What to produce: A word-for-word transcript of every entry is required.

(Stored items from a collection)
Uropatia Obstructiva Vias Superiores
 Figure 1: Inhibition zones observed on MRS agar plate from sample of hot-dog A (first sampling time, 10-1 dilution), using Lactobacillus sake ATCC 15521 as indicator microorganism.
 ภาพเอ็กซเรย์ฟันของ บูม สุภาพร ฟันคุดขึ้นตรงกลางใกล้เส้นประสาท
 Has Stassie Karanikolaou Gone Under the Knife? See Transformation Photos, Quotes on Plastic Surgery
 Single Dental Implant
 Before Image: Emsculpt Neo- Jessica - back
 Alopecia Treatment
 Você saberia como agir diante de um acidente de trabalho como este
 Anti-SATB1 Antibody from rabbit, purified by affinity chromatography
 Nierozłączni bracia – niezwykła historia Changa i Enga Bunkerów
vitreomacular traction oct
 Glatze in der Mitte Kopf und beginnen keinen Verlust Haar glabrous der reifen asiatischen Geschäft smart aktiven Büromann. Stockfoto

Exercise result:
Uropatia Obstructiva Vias Superiores
 Figure 1: Inhibition zones observed on MRS agar plate from sample of hot-dog A (first sampling time, 10-1 dilution), using Lactobacillus sake ATCC 15521 as indicator microorganism.
 ภาพเอ็กซเรย์ฟันของ บูม สุภาพร ฟันคุดขึ้นตรงกลางใกล้เส้นประสาท
 Has Stassie Karanikolaou Gone Under the Knife? See Transformation Photos, Quotes on Plastic Surgery
 Single Dental Implant
 Before Image: Emsculpt Neo- Jessica - back
 Alopecia Treatment
 Você saberia como agir diante de um acidente de trabalho como este
 Anti-SATB1 Antibody from rabbit, purified by affinity chromatography
 Nierozłączni bracia – niezwykła historia Changa i Enga Bunkerów
vitreomacular traction oct
 Glatze in der Mitte Kopf und beginnen keinen Verlust Haar glabrous der reifen asiatischen Geschäft smart aktiven Büromann. Stockfoto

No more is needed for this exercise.